• REQUIREMENT
Below are some records; output exactly the lines from the line with "Appropriately Shaped Inner Sheath" to the line with "MQ Brand Good", both ends kept, and nothing more.

ENTRIES SHOWN: Begin

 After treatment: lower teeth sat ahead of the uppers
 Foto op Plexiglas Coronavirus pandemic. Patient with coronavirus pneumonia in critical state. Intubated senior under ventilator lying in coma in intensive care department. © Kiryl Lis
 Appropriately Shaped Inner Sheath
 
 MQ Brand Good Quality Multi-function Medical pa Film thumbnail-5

ENTRIES SHOWN: End
ENTRIES SHOWN: Begin

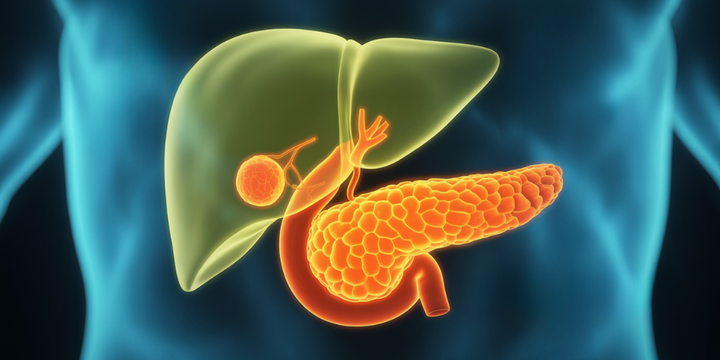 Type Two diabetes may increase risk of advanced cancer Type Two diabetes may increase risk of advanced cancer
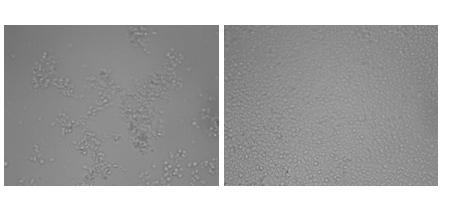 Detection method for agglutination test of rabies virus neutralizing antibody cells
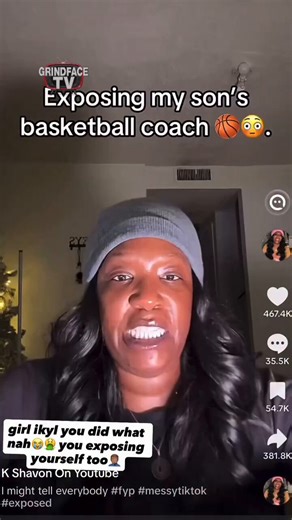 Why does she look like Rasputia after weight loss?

ENTRIES SHOWN: End
ENTRIES SHOWN: Begin

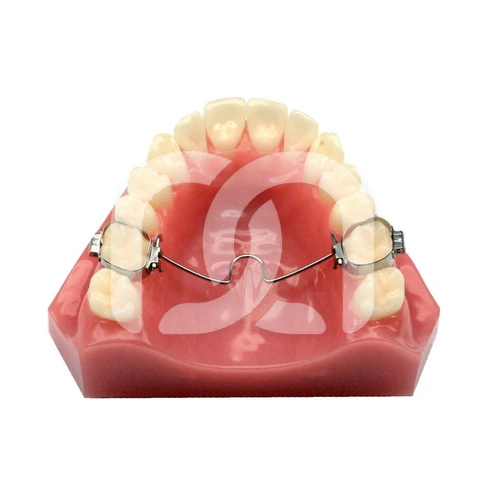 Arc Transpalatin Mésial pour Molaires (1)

ENTRIES SHOWN: End

• SOLUTION TO THE PROBLEM
 Appropriately Shaped Inner Sheath
 
 MQ Brand Good Quality Multi-function Medical pa Film thumbnail-5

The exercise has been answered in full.